→ WHAT THE TASK REQUIRES
Exact reproduction is required for the lines below starting at the line with "Tbd Highland N" and ending at the line with "#parrotlover #trendingshorts #tota", both included. No other lines, and no pictures.

»»

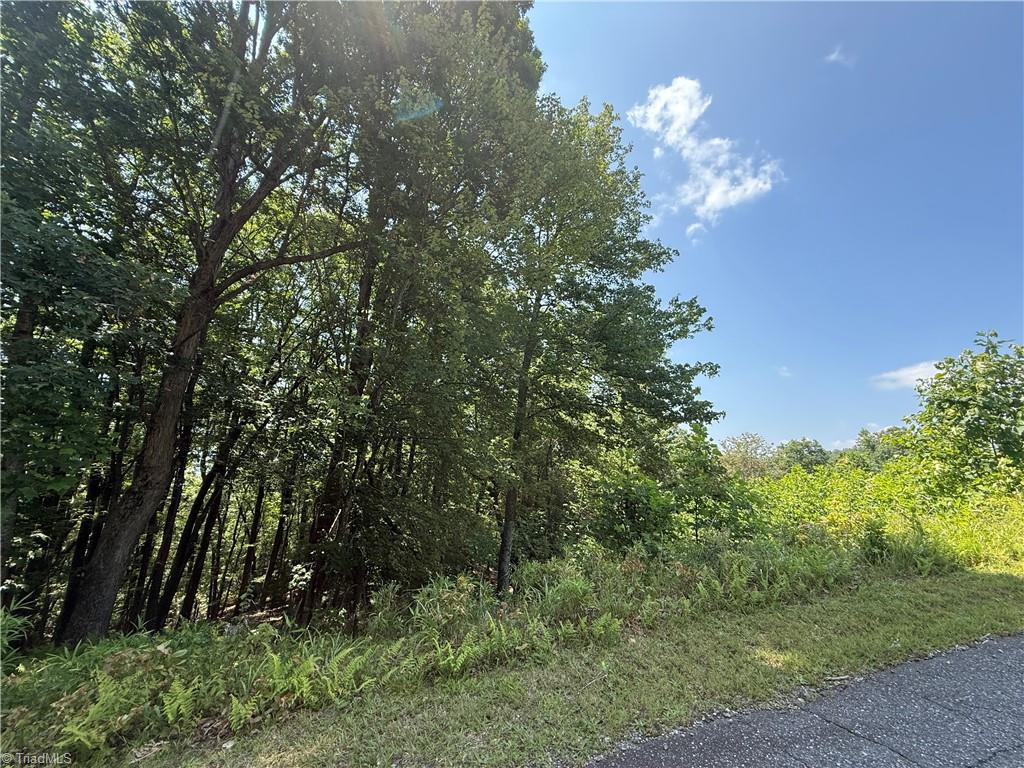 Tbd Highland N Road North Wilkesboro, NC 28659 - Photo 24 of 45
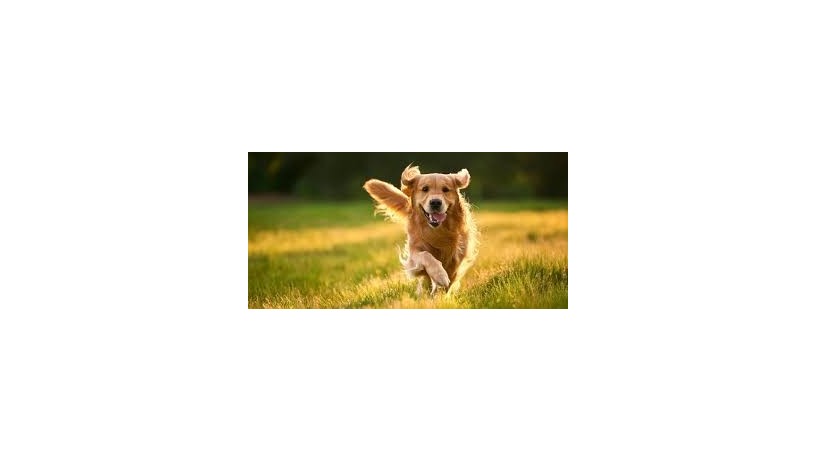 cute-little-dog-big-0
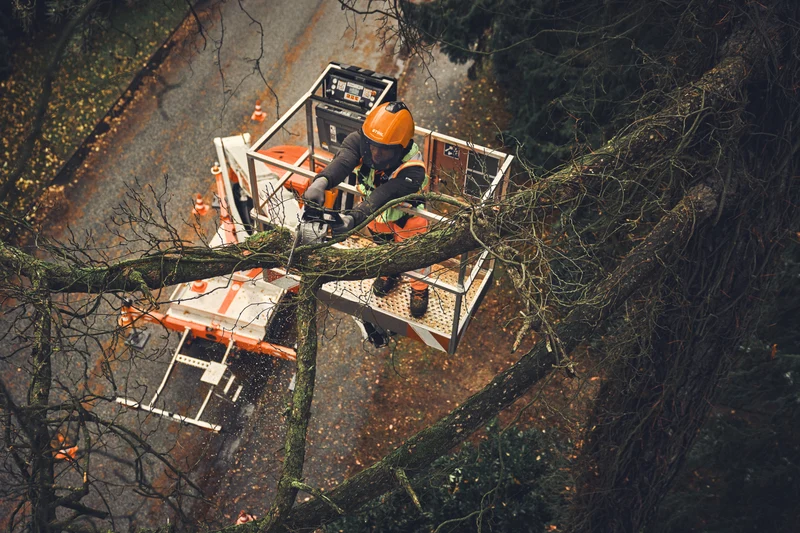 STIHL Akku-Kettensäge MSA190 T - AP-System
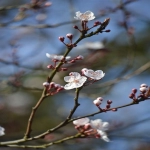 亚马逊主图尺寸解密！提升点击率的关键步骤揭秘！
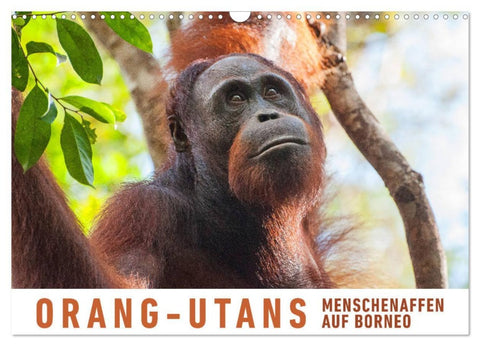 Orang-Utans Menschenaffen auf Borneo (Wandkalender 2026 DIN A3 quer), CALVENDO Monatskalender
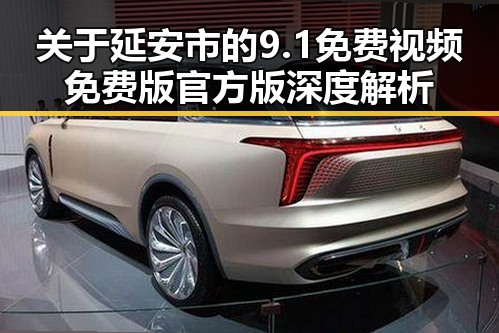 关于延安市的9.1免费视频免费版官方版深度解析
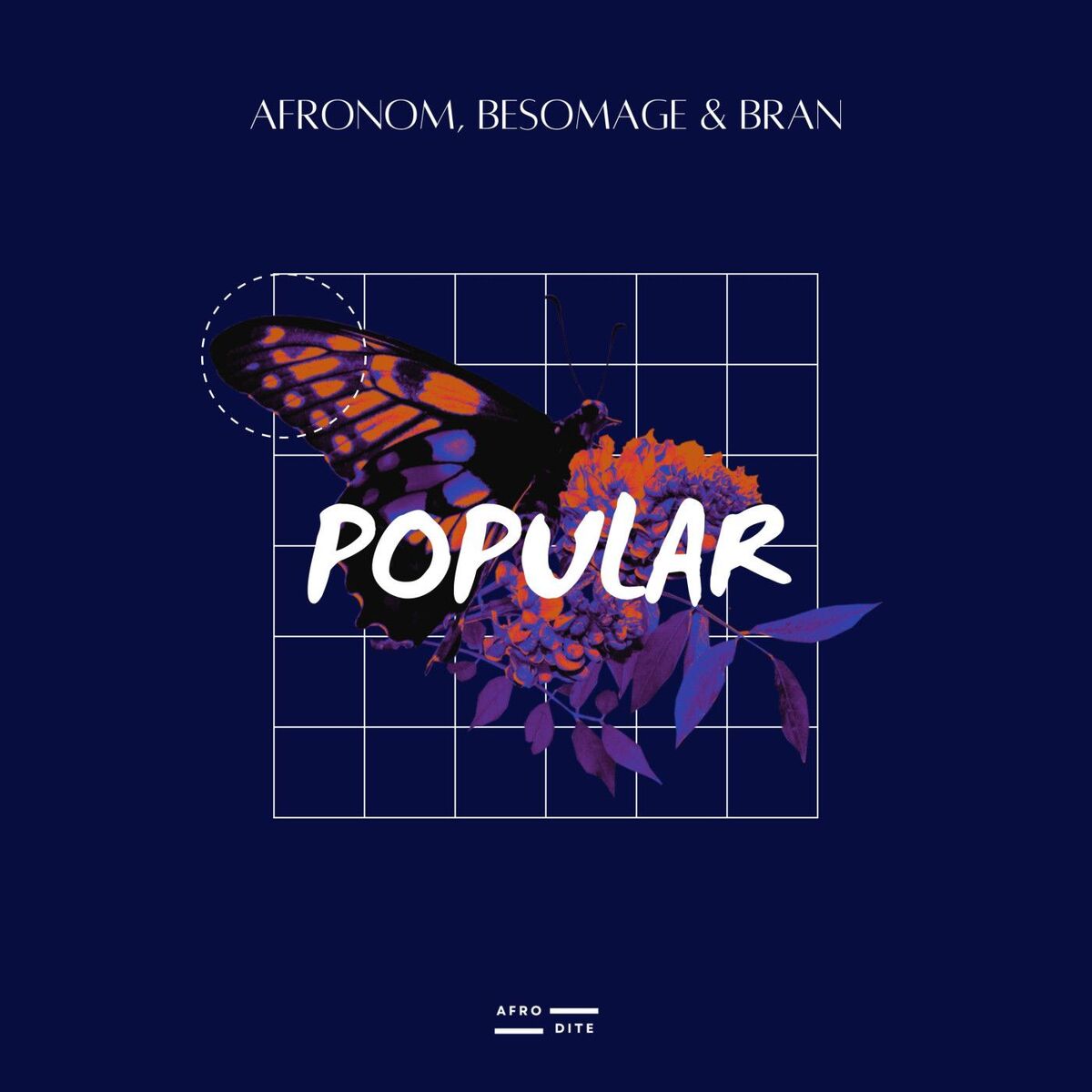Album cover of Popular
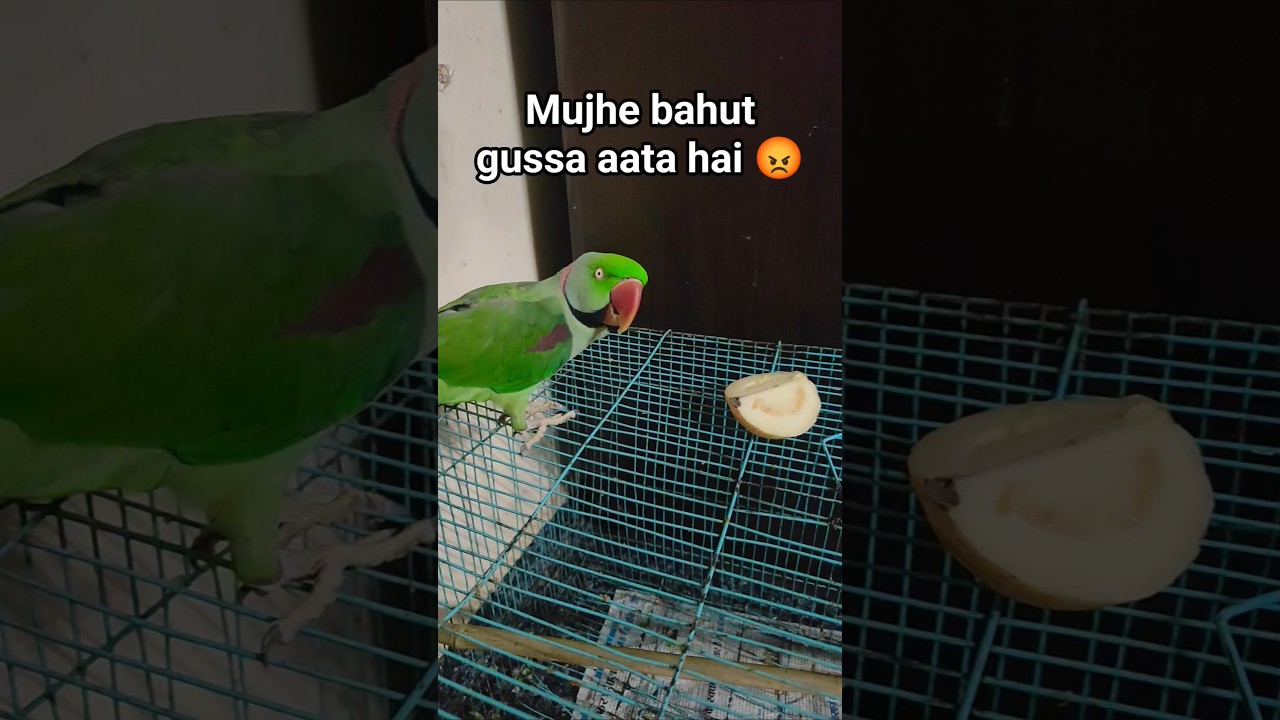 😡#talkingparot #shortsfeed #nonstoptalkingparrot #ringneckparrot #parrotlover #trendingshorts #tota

««
»»

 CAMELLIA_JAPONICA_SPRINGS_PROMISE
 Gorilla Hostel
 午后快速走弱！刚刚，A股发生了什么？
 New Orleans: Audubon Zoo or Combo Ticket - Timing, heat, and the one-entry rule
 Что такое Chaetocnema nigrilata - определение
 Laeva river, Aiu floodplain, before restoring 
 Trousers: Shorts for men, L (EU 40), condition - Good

««

→ RESPONSE
 Tbd Highland N Road North Wilkesboro, NC 28659 - Photo 24 of 45
 cute-little-dog-big-0
 STIHL Akku-Kettensäge MSA190 T - AP-System
 亚马逊主图尺寸解密！提升点击率的关键步骤揭秘！
 Orang-Utans Menschenaffen auf Borneo (Wandkalender 2026 DIN A3 quer), CALVENDO Monatskalender
 关于延安市的9.1免费视频免费版官方版深度解析
Album cover of Popular
 😡#talkingparot #shortsfeed #nonstoptalkingparrot #ringneckparrot #parrotlover #trendingshorts #tota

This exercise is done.